§ **ACTIVITY**
Beginning with the line where "Венденский замок. Цесис, Латвия." appears, restate each line word for word until the data ends. Pictures do not go in.

§ **RECORDED INFORMATION**
==============================
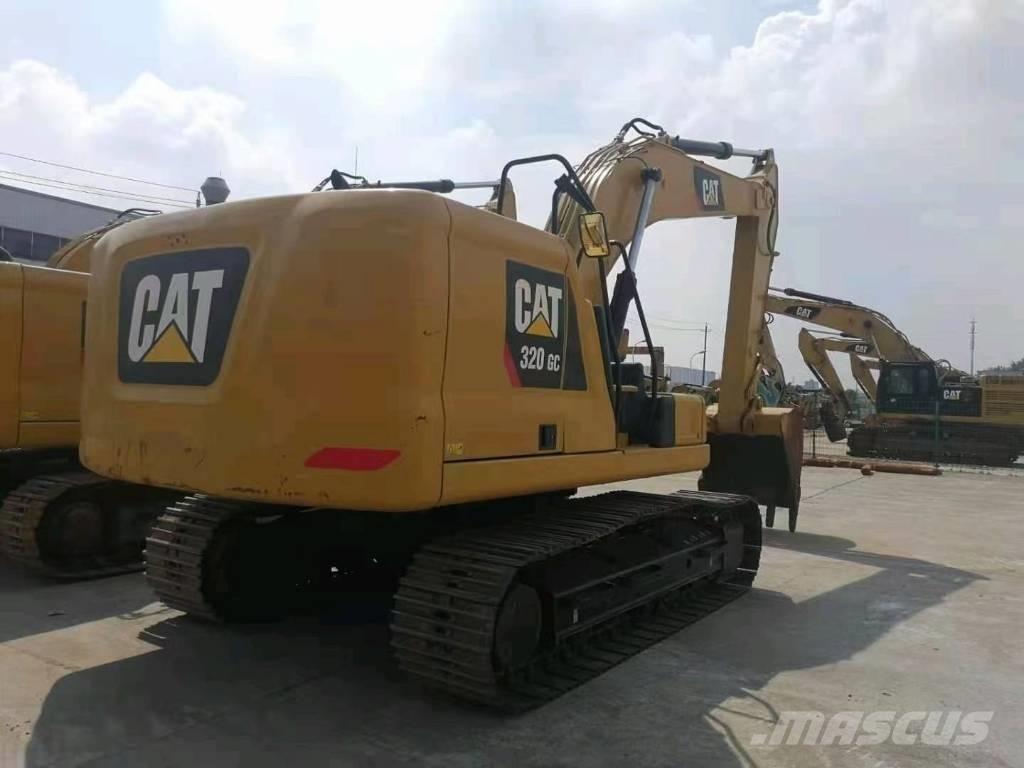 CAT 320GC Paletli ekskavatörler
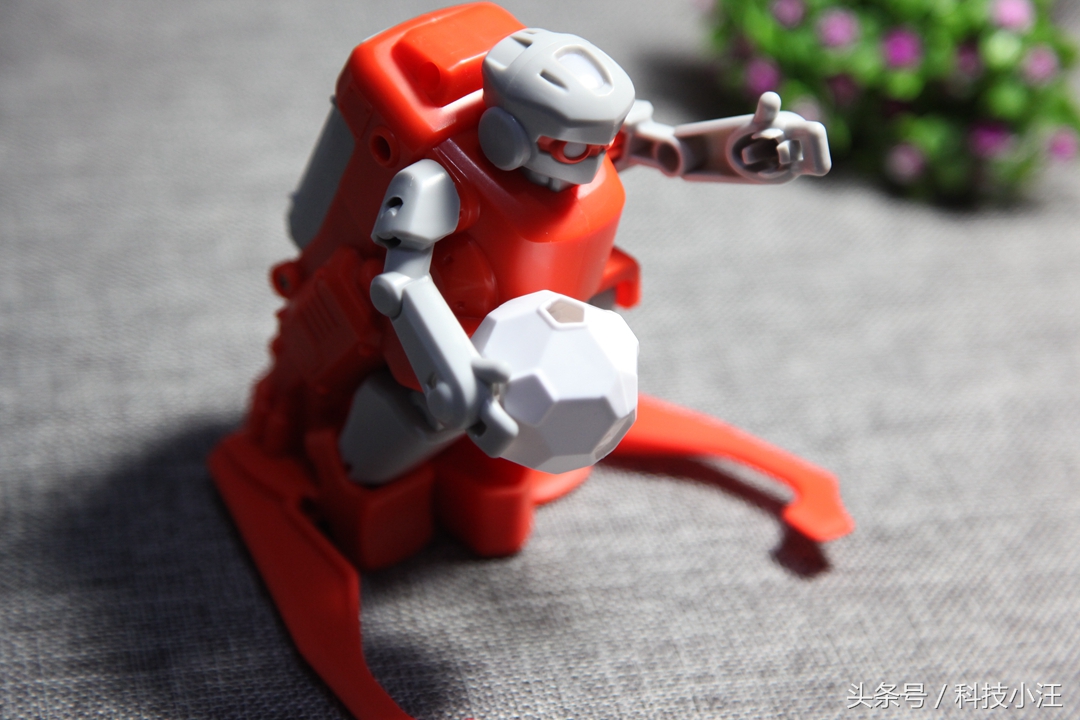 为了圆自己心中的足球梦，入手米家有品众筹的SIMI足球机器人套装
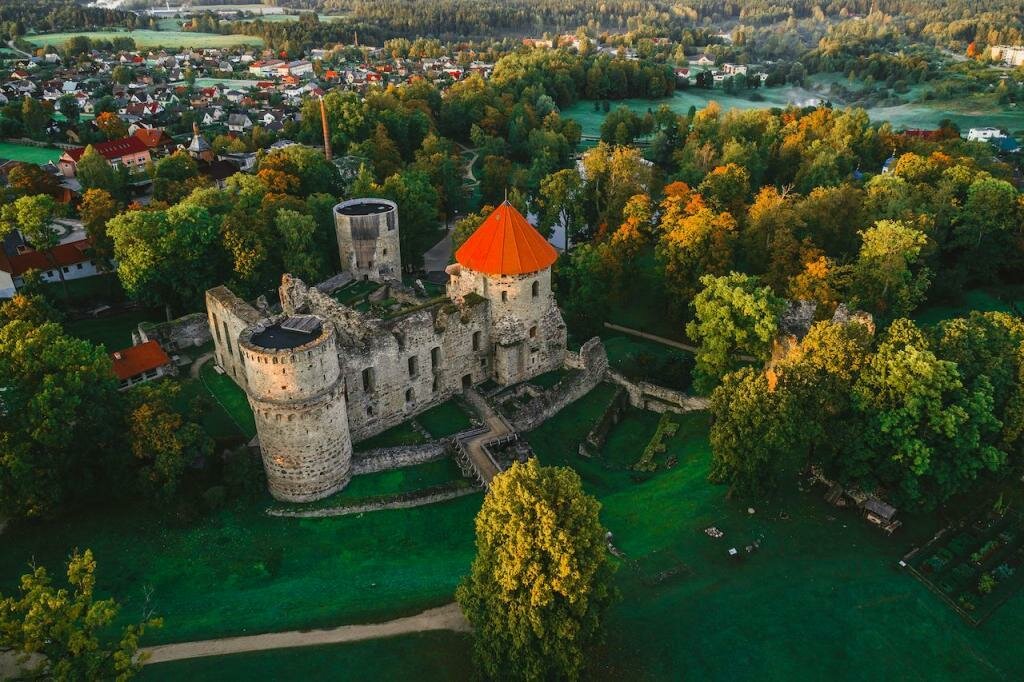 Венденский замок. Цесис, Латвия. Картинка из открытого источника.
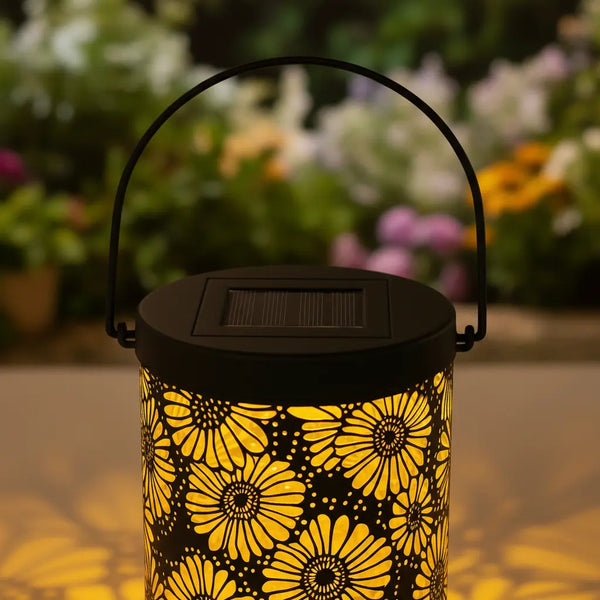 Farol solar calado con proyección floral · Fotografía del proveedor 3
==============================
§ **RESPONSE BELOW**
 Венденский замок. Цесис, Латвия. Картинка из открытого источника.
 Farol solar calado con proyección floral · Fotografía del proveedor 3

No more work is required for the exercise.